Judith Owen richt de blik naar buiten

Judith Owen richt de blik naar buiten

Twee jaar na haar ‘Ebb & Flow’, een buitengewoon geslaagd eerbetoon aan de Laurel Canyon Sound, komt singer-songwriter Judith Owen met ‘Somebody’s Child’. Een gevarieerder album, waarvoor opnieuw alom lof is. Niet dat ze de kritieken op haar werk leest, zegt ze. “Van een slechte recensie kan ik dagen van slag zijn.”

Het is altijd even afwachten met wat voor soort nummers Judith Owen komt wanneer ze een nieuwe plaat uitbrengt. Ze is goed thuis in uiteenlopende muzieksoorten, van klassieke muziek (opera met name) tot jazz, folk en blues. “En ik vind niet dat ik me hoef vast te pinnen op een bepaald type muziek”, zegt ze. “Ik ben niet gebonden aan de regels die binnen een genre gelden, maar kan die regels juist voor mij laten werken – en dat geeft me de vrijheid om me uit te drukken in de stijl die het beste past bij een nummer.”

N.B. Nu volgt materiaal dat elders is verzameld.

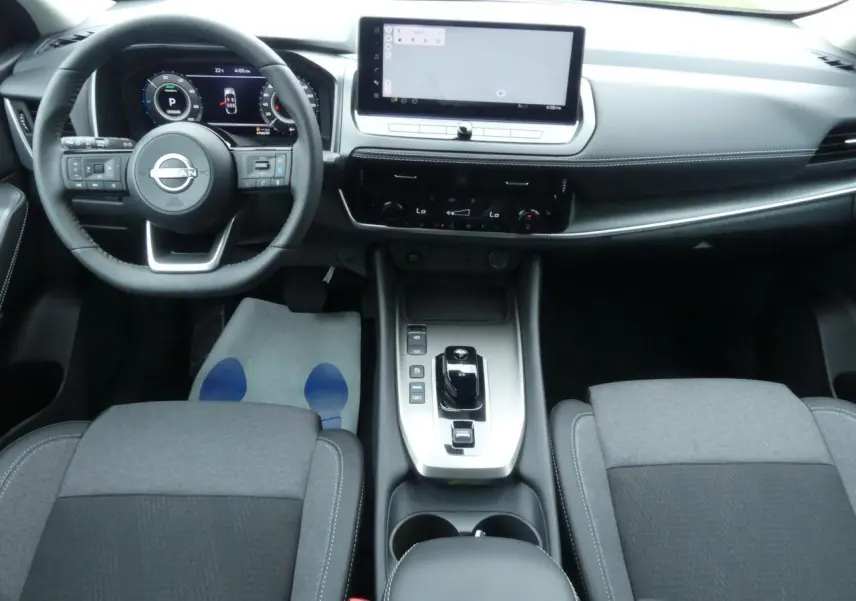 Intérieur avant du Nissan Qashqai 2025 avec tableau de bord numérique et console centrale moderne en gris et noir.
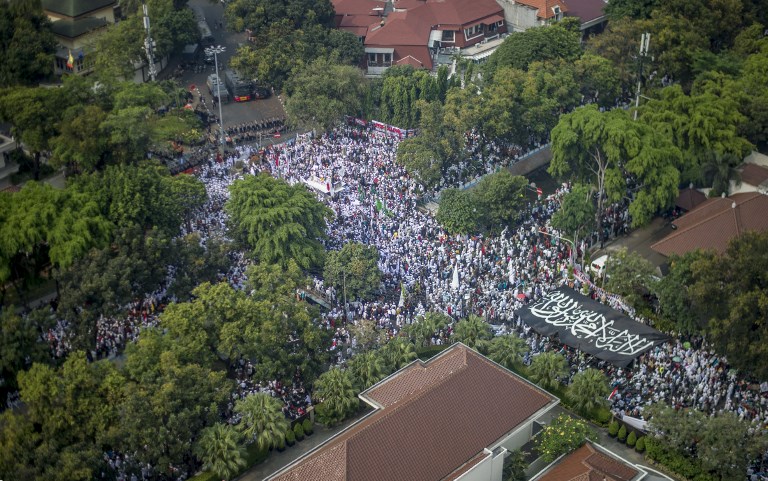 Demonstrators take part in an anti-Myanmar rally nearby its embassy in Jakarta on September 6, 2017.

Indonesian Muslims protested outside the Myanmar embassy in Jakarta on September 6 demanding an end to violence against the countrys Rohingya Muslim minority. / AFP PHOTO / BAY ISMOYO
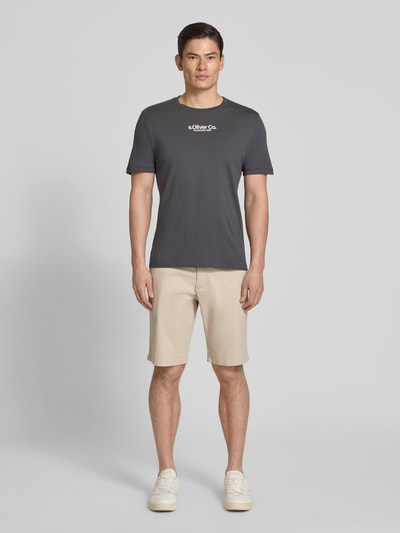 Mężczyznę model nosi Regular Fit Bermudas aus Baumwoll-Mix Modell 'PHOENIX' von s.Oliver RED LABEL, beżowy twill, widok całej sylwetki z przodu.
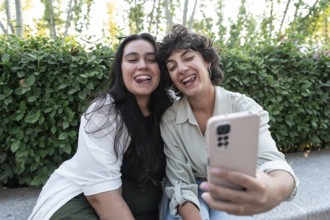 A cheerful lesbian couple takes a selfie with a smartphone in a garden. They smile brightly,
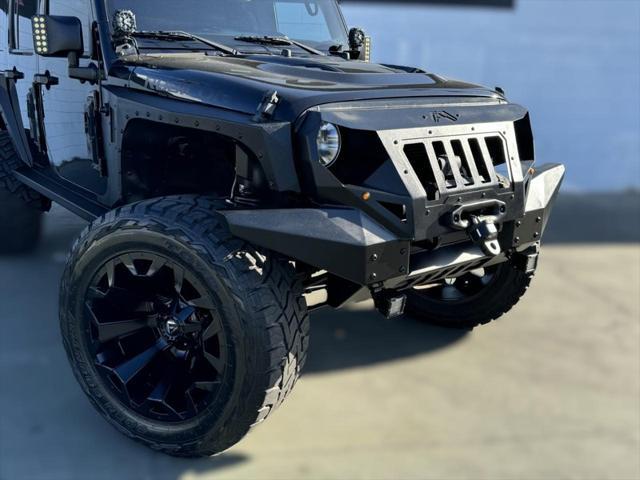 used 2016 Jeep Wrangler Unlimited car, priced at $32,594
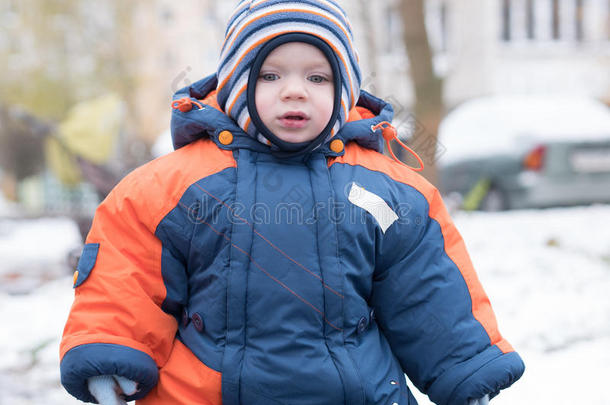 迷人的小男孩玩第一场雪。 他微笑着看着雪人。 厚厚的蓝色橙色连体裤，明亮的条纹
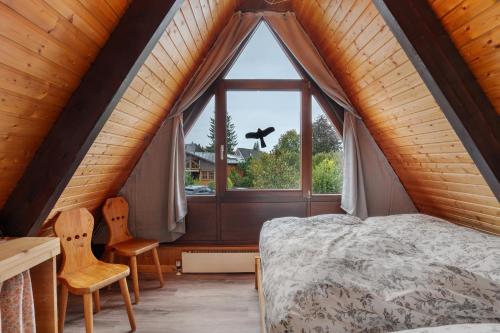 a bedroom with a bed and a large window at Ferienhaus Bussardnest in Tennenbronn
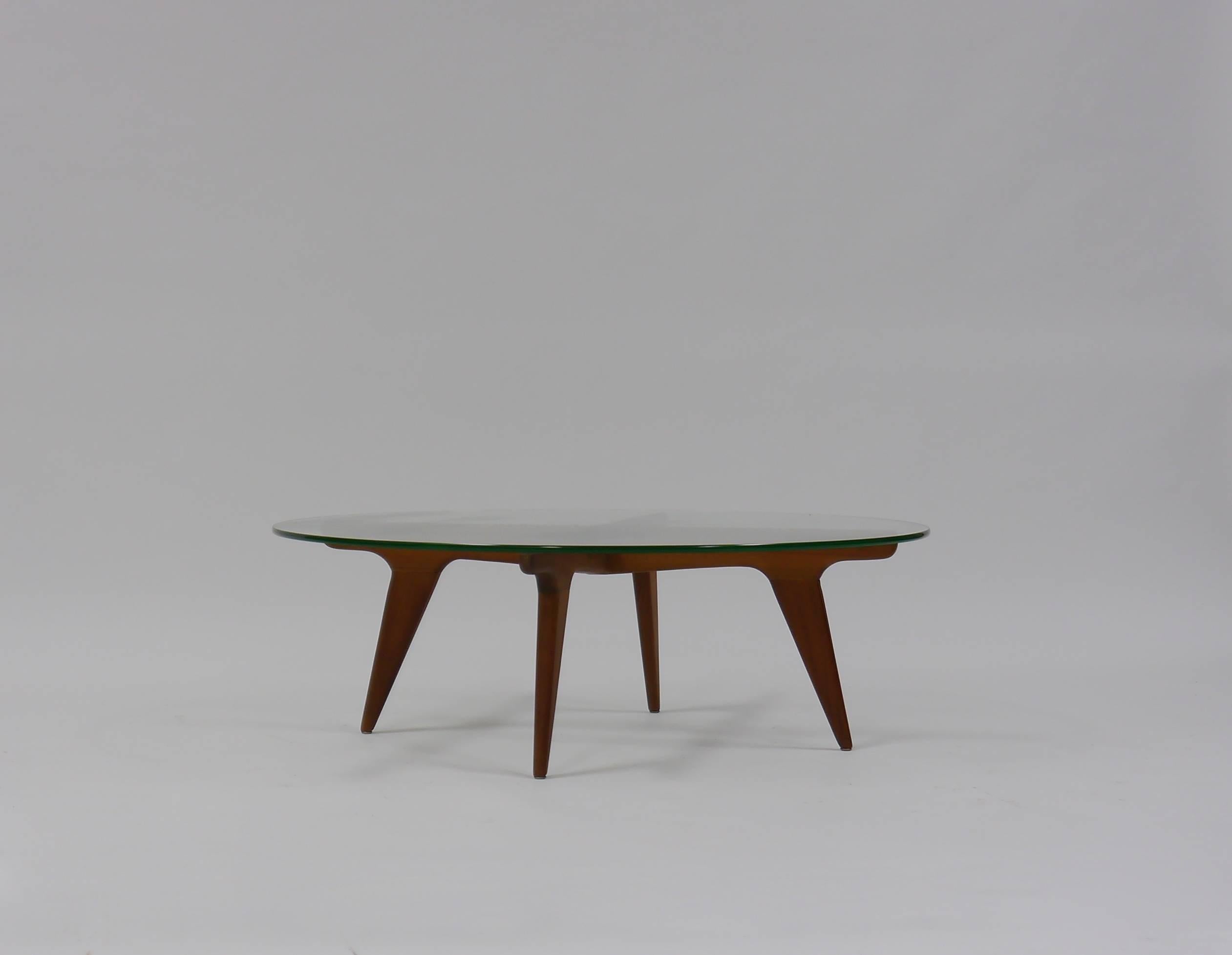 Well-made, black walnut coffee table in the manner of Gio Ponti.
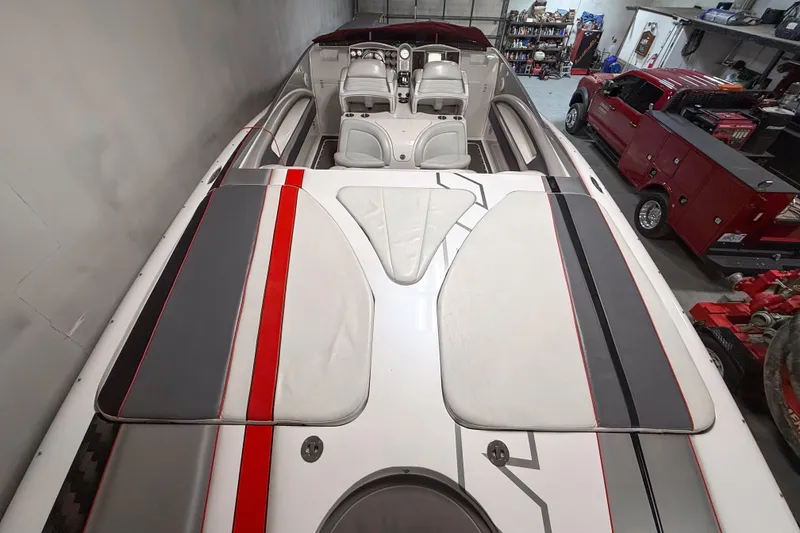 Slide: The Image of 2004 MTI 44 Pleasure Cat boat with sleek design in a garage setting. - 6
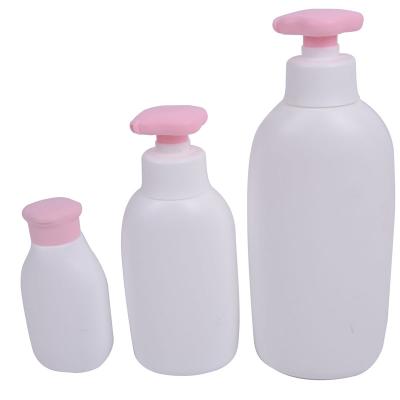 China Cosmetic The Empty Round Lotion Bottle Set Hair Conditioner Packaging Container Shampoo Bottle for sale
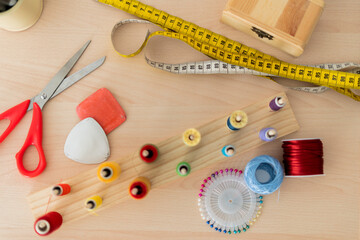 A variety of sewing tools and supplies neatly arranged on a wooden table, including scissors, measuring tape, thread spools, pins, and chalk for garment marking
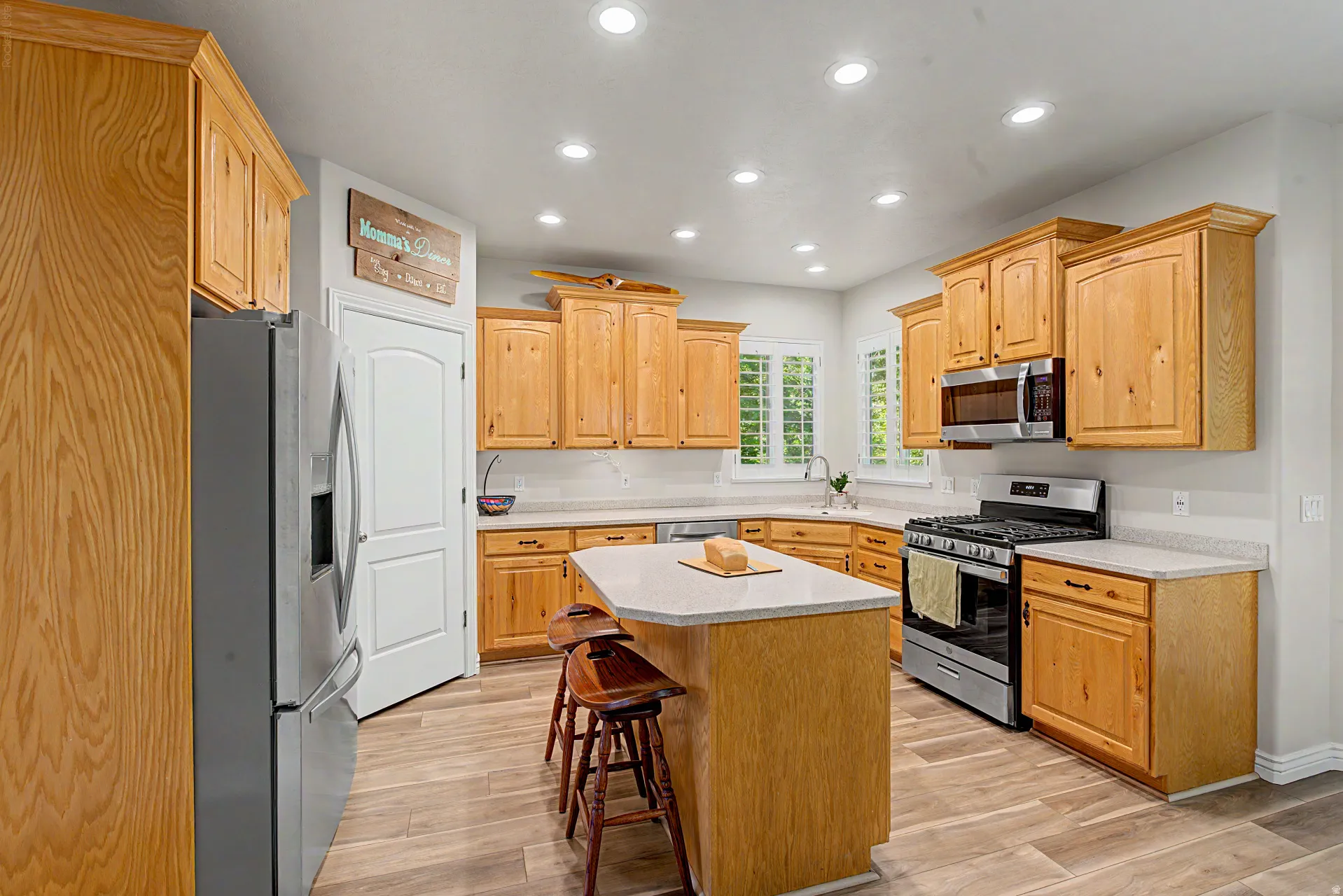 Kitchen featuring wood cabinetry, stainless steel appliances, a center island with seating, recessed lighting, and wood-finish flooring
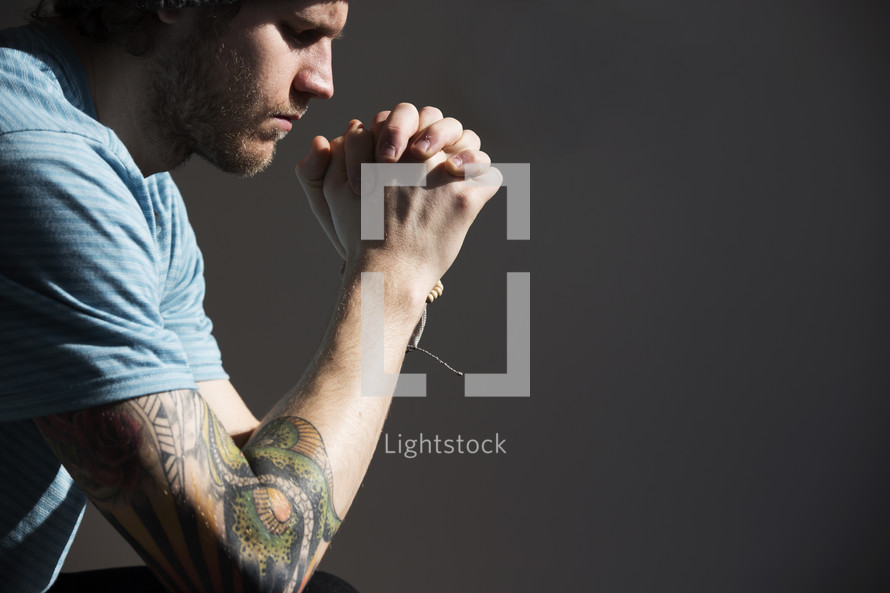 a man with a sleeve tattoo praying.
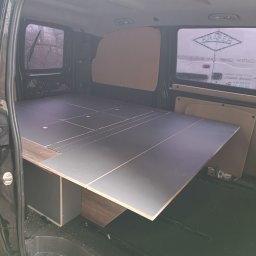 Stolkra - Wnętrze busa z zamontowaną zabudową meblową, szara płyta meblowa na drewnianej konstrukcji. Widok z otwartych tylnych drzwi pojazdu.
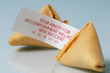 Open fortune cookie with fortune sticking out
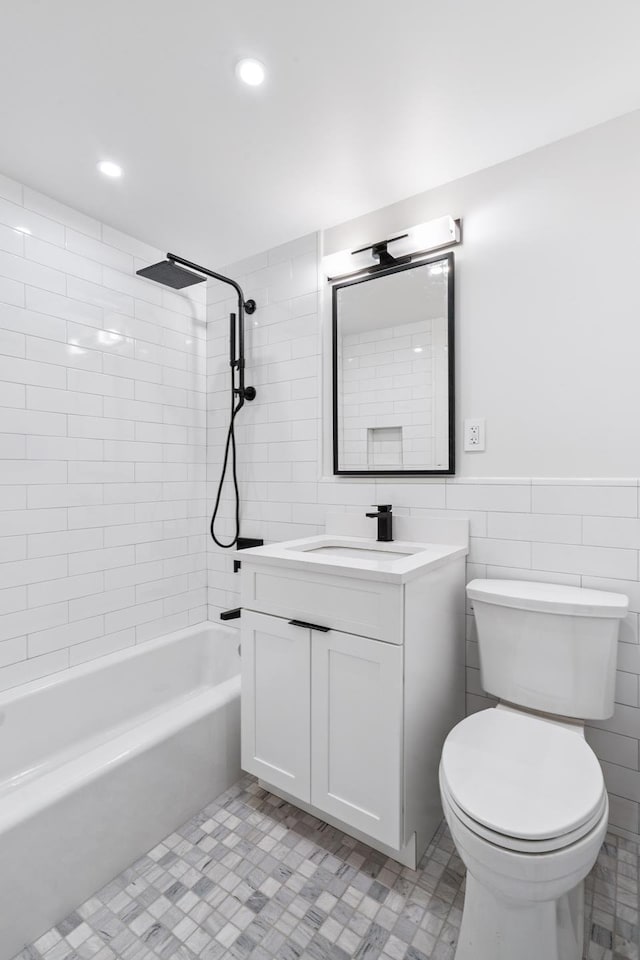 142 W End Ave Unit 2U, New York City, NY 10023 - full bath featuring vanity, toilet, tile walls, washtub / shower combination, and recessed lighting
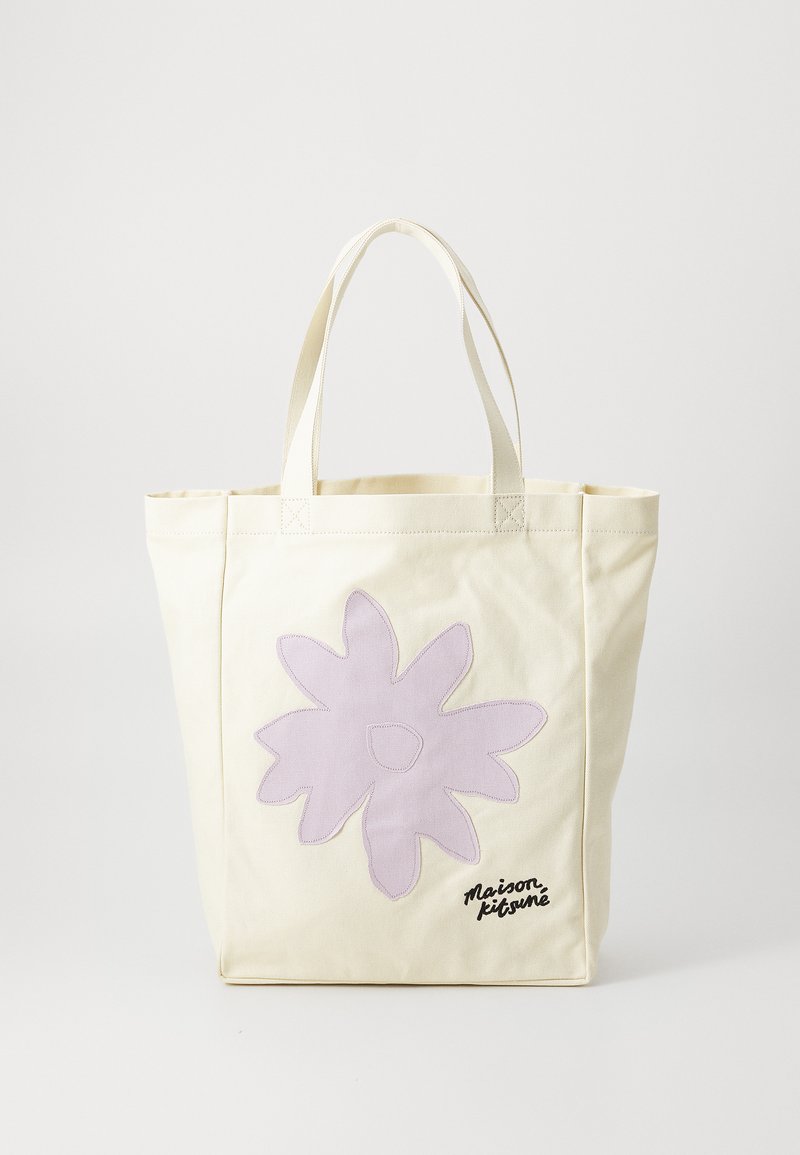 Canvas tote bag in cream with a large lavender flower appliqué and black "Maison Kitsuné" text. Features sturdy, flat handles.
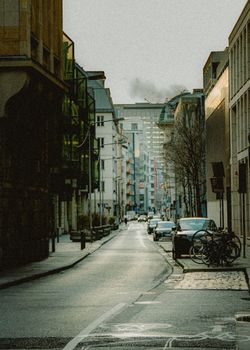 Charming urban street scene in Frankfurt, Germany, featuring cars and bicycles along a quiet road.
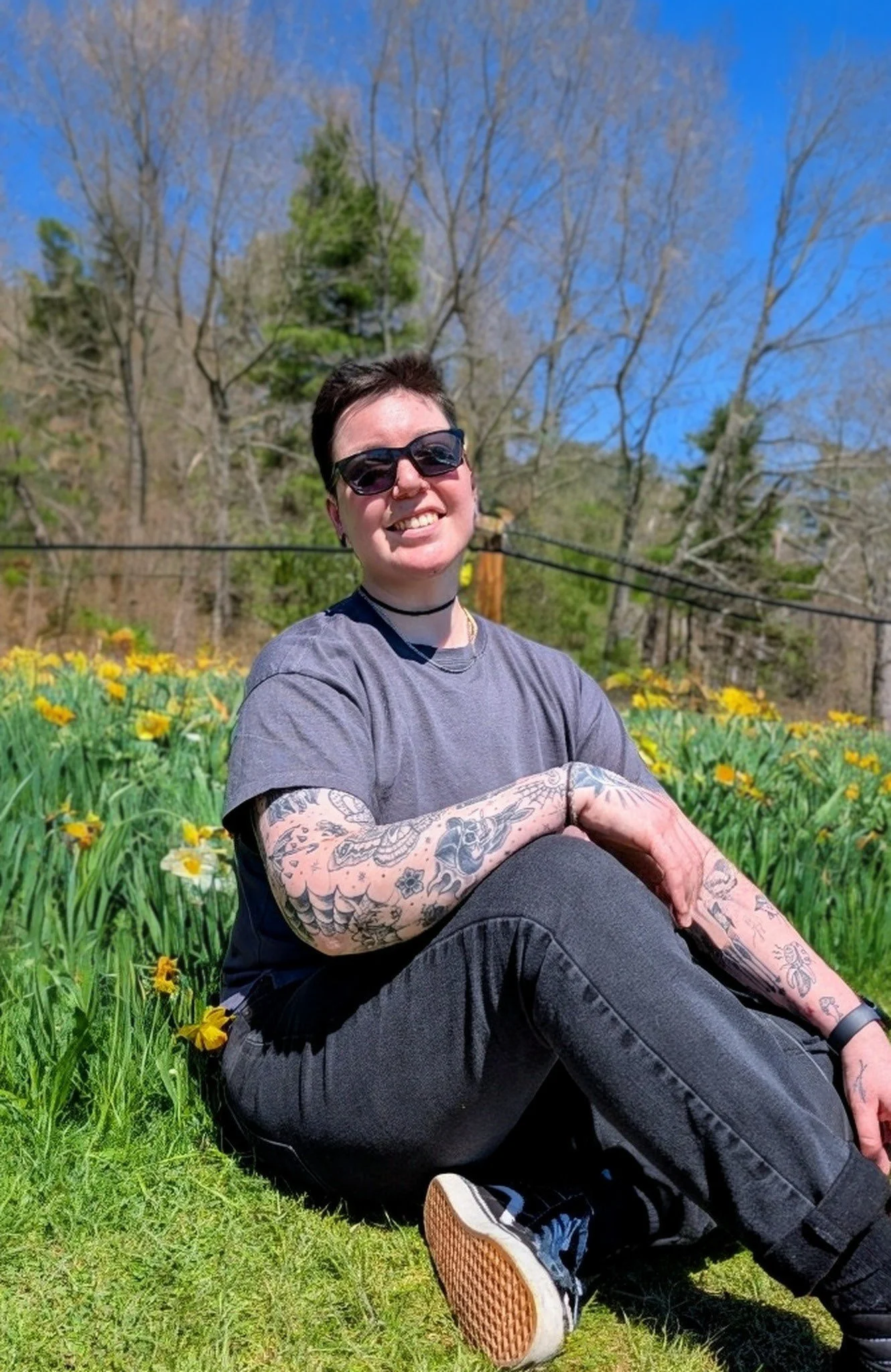 A person with short dark hair, sunglasses, tattoos on arms, wearing a choker, grey t-shirt, black pants, and sneakers, sitting outdoors on grass with yellow flowers, trees, and a blue sky in the background, smiling.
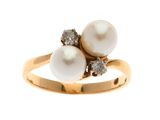 une bague en or ornée de deux perles et de diamants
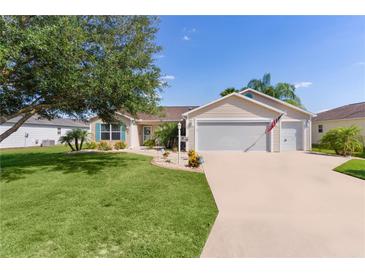 Charming single-story home with a well-manicured lawn, mature tree, and two-car garage at 898 Abaco Path, The Villages, FL 32163
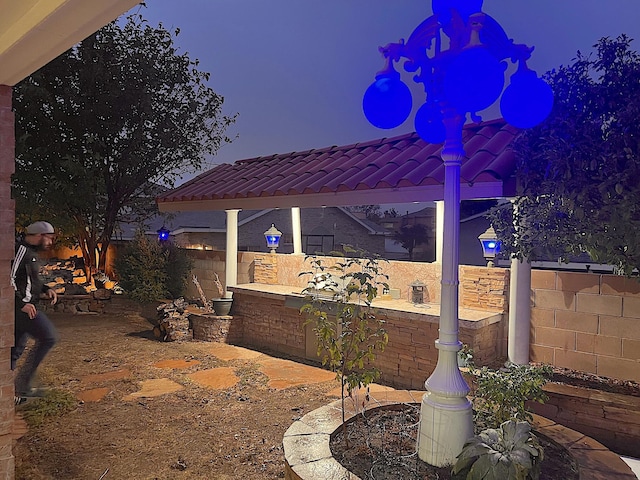 patio terrace at dusk featuring a pergola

Haar vorige album, ‘Ebb & Flow’, was een buitengewoon geslaagd eerbetoon aan de Laurel Canyon Sound van Joni Mitchell, James Taylor en andere Amerikaanse singer-songwriters uit het einde van de jaren zestig, begin van de jaren zeventig. Twee jaar later is daar ‘Somebody’s Child’, een album dat niet radicaal verschilt van de voorganger maar dat toch net ietsje anders aandoet. De nummers liggen ook nu weer prettig in het gehoor, en je kunt je voorstellen dat muziekcriticus Pete Whalley het beschouwt als het perfecte ‘Easy Listening’ album.

Acid Rock

Maar ‘Somebody’s Child’ is net iets gevarieerder dan ‘Ebb & Flow’. Op bassist Leland Sklar na, spelen de muzikanten die de klankkleur van ‘Ebb & Flow’ bepaalden spelen slechts op drie nummers mee. De ‘sound’ leunt hier en daar op Engelse folk à la Nick Drake, vooral door de aanwezigheid van Britse muzikanten, de strijkers voorop (‘The Rain is Gonna Fall’). ‘I know where the Sun Shines’ zou zo op ‘Songs in the Key of Life’ of een andere album van Stevie Wonder uit de jaren zeventig kunnen staan.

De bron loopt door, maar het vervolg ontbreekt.